Internet voice calling app Ringo has paused its cheap domestic voice calling service in India. The company said on Monday that some operators are allegedly blocking the service on their networks. Ringo further noted that it is putting the domestic service, which it had launched just last week, on halt for all until it resolves the issue.
Ringo, a popular international voice calling app, announced cheap voice call tariff plans for Indian users last week. As per which, a user could make an STD call or a local call at a call rate of Rs. 0.19 per minute. In comparison, popular telecom operators such as Airtel, Vodafone, and Idea charge roughly around Rs. 1.20 per minute for STD calls, and Rs. 0.40 per minute with any special tariff plan.
And it seems, at least some telecom operators weren't pleased by it. Ringo claimed some telecom operators started to block Ringo's domestic calls in the country last week. Ringo hasn't disclosed the name of the telcos in the blog post it published Monday. The company said that until it resolves the issue, it is putting its domestic calling service on halt for all Indian users.

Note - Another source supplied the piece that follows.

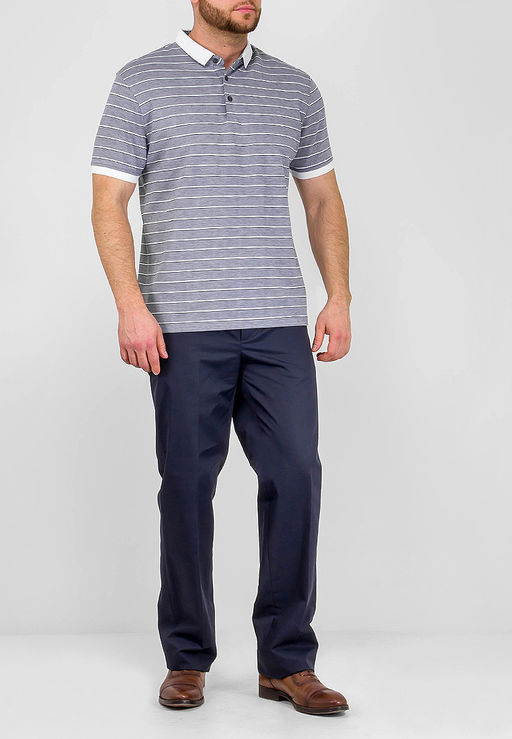 Джемпер мужской с воротником поло короткий рукав GREG G144-ZH-2 (серый м.)  фото 3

Ringo insists that its service is "fully legal," and compliant with all aspects of the DoT (Department of Telecommunications), and Trai (Telecom Regulatory Authority of India) regulations. The company also said that it will work with regulatory authorities to get the service unblocked. In the meanwhile, users can use Ringo app to make international calls.

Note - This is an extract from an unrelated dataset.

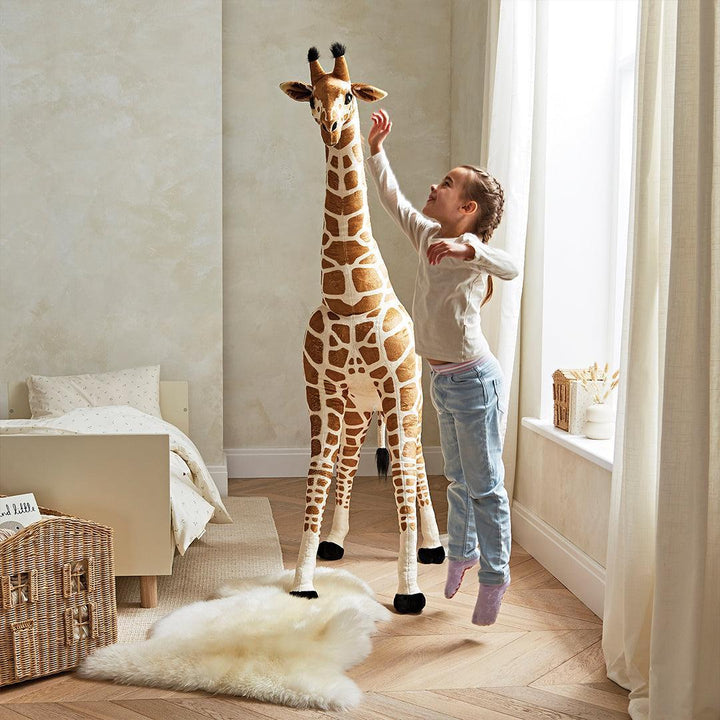 CuddleCo Medium Standing Giraffe Stuffed Animal - Natural-Soft Toys-Natural-One Size | Natural Baby Shower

"We will continue to persevere in providing innovative voice solutions, and intend to take relevant remedial action, but do not have an ETA on the same," Ringo wrote. "As it stands, until we manage to get an intervention from relevant regulatory authorities to unblock our service, none of our domestic calls are going through."
This wouldn't be the first time a voice calling or instant messaging client may have irked telecom operators. Bharti Airtel earlier this year hiked its data tariff and said that it would charge separately for VoIP calls. What's interesting about Ringo is that it doesn't heavily rely on the Internet to make calls.

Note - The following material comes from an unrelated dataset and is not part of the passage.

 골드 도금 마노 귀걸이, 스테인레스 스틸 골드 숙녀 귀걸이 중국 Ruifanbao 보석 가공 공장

For a refresh, when a user attempts to call a person, instead of directly connecting to the recipient, Ringo acts as the intermediary, and calls that person and connects the user to that contact. For this reason, recipients don't need to have the app installed on their handset, and voice calls work without a reliable data connection.
Ringo said that if it fails to resume its domestic calling service in the next 2-3 days, it will issue refunds to all affected users.